(LISTED ENTRIES Opens)
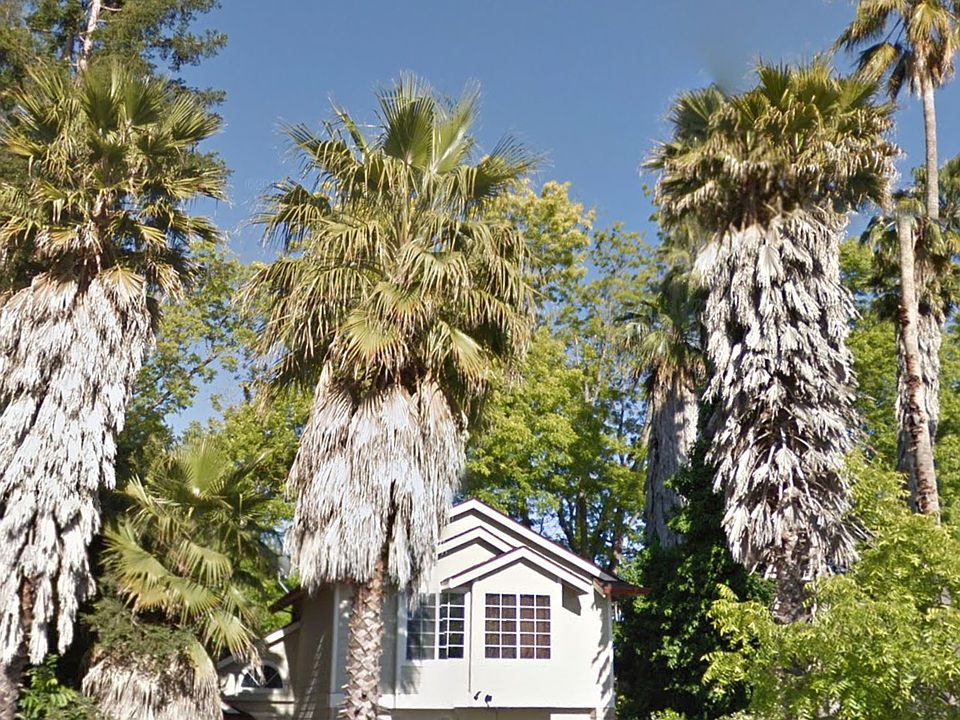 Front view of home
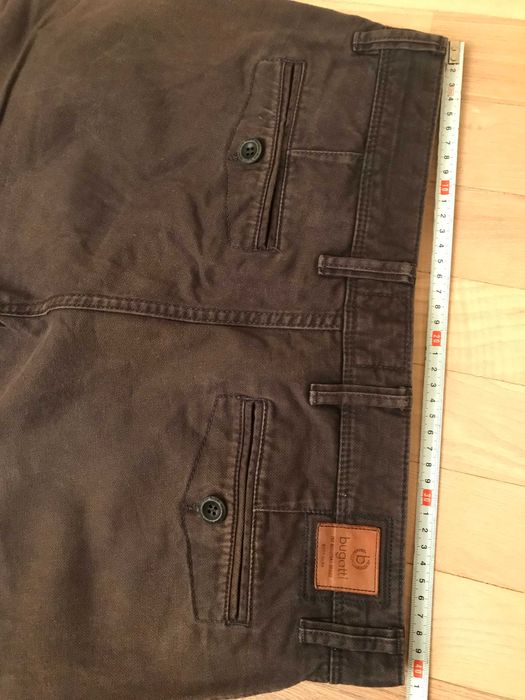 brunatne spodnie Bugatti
(LISTED ENTRIES Closes)
(LISTED ENTRIES Opens)
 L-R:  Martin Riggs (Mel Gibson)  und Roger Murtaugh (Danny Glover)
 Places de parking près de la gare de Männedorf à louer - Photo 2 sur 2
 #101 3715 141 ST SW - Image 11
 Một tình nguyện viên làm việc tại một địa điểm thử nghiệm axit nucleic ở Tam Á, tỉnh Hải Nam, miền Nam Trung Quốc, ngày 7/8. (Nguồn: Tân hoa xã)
(LISTED ENTRIES Closes)
(LISTED ENTRIES Opens)
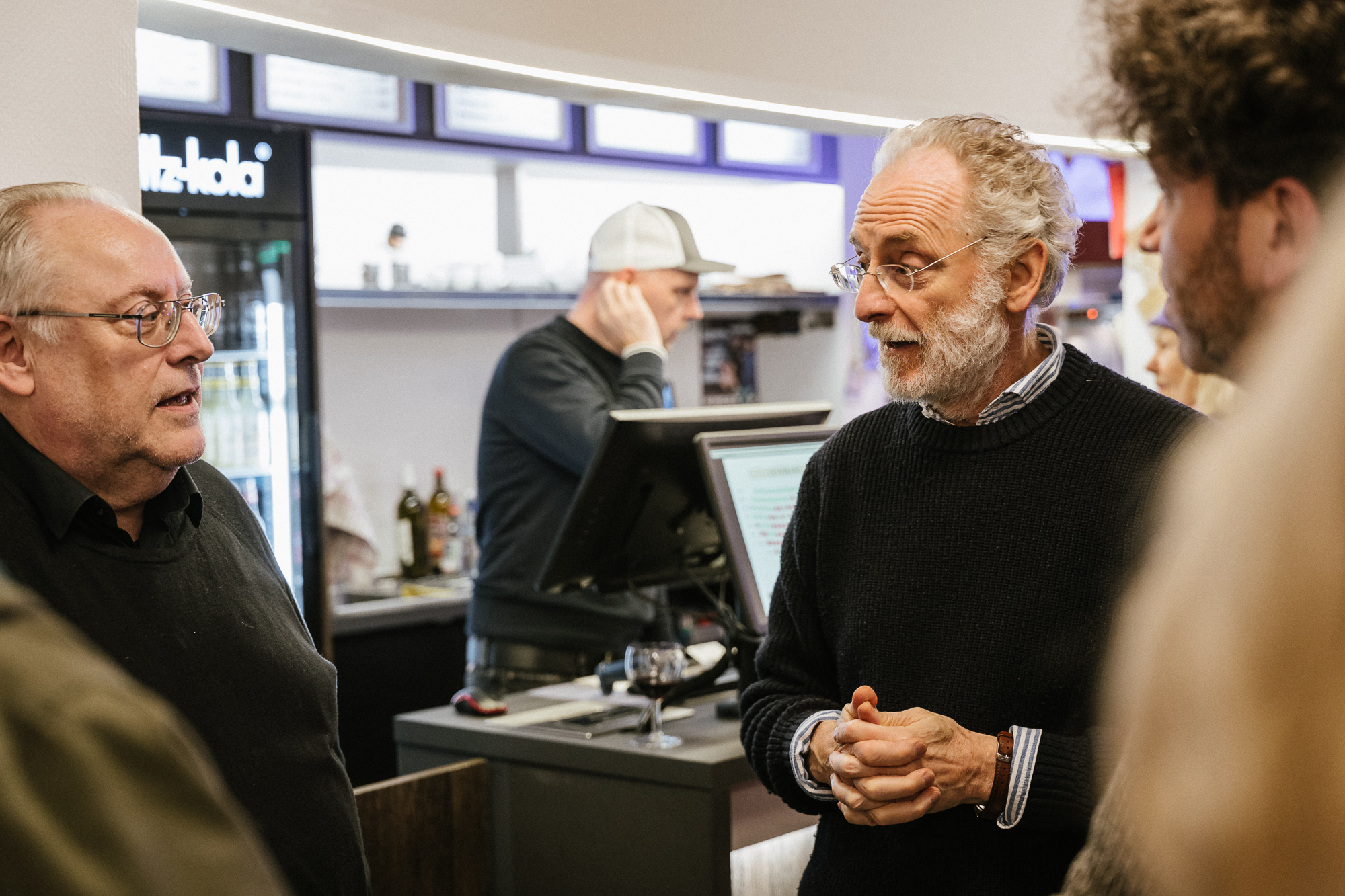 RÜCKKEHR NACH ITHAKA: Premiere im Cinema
(LISTED ENTRIES Closes)
WHAT IS BEING ASKED. Above this task is a listing. Restate, word for word and with nothing added, the lines from the one with "Places de parking" through the one with "Một tình nguyện".

RESPONSE FOR THIS EXERCISE.
 Places de parking près de la gare de Männedorf à louer - Photo 2 sur 2
 #101 3715 141 ST SW - Image 11
 Một tình nguyện viên làm việc tại một địa điểm thử nghiệm axit nucleic ở Tam Á, tỉnh Hải Nam, miền Nam Trung Quốc, ngày 7/8. (Nguồn: Tân hoa xã)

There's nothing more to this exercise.